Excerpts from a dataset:
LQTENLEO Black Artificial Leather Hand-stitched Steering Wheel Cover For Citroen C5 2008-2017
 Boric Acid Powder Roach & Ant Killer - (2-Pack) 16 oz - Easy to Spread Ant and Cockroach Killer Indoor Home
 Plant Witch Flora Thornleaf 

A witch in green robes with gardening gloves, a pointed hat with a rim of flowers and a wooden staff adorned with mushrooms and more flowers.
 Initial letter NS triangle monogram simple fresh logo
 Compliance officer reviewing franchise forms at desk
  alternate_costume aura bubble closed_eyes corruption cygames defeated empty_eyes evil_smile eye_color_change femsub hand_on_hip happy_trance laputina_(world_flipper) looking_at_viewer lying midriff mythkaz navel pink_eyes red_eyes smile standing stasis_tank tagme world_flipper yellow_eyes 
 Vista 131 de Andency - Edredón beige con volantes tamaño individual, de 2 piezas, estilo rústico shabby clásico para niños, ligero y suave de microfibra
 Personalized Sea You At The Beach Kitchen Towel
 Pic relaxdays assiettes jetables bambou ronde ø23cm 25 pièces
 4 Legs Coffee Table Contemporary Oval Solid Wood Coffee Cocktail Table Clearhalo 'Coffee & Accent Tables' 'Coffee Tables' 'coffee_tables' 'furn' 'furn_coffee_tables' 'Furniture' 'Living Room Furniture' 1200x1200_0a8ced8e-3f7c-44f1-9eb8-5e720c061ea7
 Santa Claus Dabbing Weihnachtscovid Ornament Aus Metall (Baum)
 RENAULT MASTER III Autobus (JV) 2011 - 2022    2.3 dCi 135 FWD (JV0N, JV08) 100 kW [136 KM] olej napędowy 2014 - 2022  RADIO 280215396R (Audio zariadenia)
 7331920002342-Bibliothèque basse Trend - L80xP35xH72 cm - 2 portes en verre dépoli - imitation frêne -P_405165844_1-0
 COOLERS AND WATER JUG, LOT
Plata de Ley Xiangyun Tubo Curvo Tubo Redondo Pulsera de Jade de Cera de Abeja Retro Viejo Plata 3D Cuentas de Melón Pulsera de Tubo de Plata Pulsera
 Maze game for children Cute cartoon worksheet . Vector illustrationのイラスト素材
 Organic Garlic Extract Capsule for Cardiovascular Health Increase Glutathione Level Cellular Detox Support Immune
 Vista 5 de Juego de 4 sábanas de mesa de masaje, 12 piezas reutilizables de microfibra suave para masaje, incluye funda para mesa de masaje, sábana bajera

THE TASK:
Exactly reproduce the lines of the data above that run from the line containing "Santa Claus Dabbing" through the final one.

EXERCISE SOLUTION:
 Santa Claus Dabbing Weihnachtscovid Ornament Aus Metall (Baum)
 RENAULT MASTER III Autobus (JV) 2011 - 2022    2.3 dCi 135 FWD (JV0N, JV08) 100 kW [136 KM] olej napędowy 2014 - 2022  RADIO 280215396R (Audio zariadenia)
 7331920002342-Bibliothèque basse Trend - L80xP35xH72 cm - 2 portes en verre dépoli - imitation frêne -P_405165844_1-0
 COOLERS AND WATER JUG, LOT
Plata de Ley Xiangyun Tubo Curvo Tubo Redondo Pulsera de Jade de Cera de Abeja Retro Viejo Plata 3D Cuentas de Melón Pulsera de Tubo de Plata Pulsera
 Maze game for children Cute cartoon worksheet . Vector illustrationのイラスト素材
 Organic Garlic Extract Capsule for Cardiovascular Health Increase Glutathione Level Cellular Detox Support Immune
 Vista 5 de Juego de 4 sábanas de mesa de masaje, 12 piezas reutilizables de microfibra suave para masaje, incluye funda para mesa de masaje, sábana bajera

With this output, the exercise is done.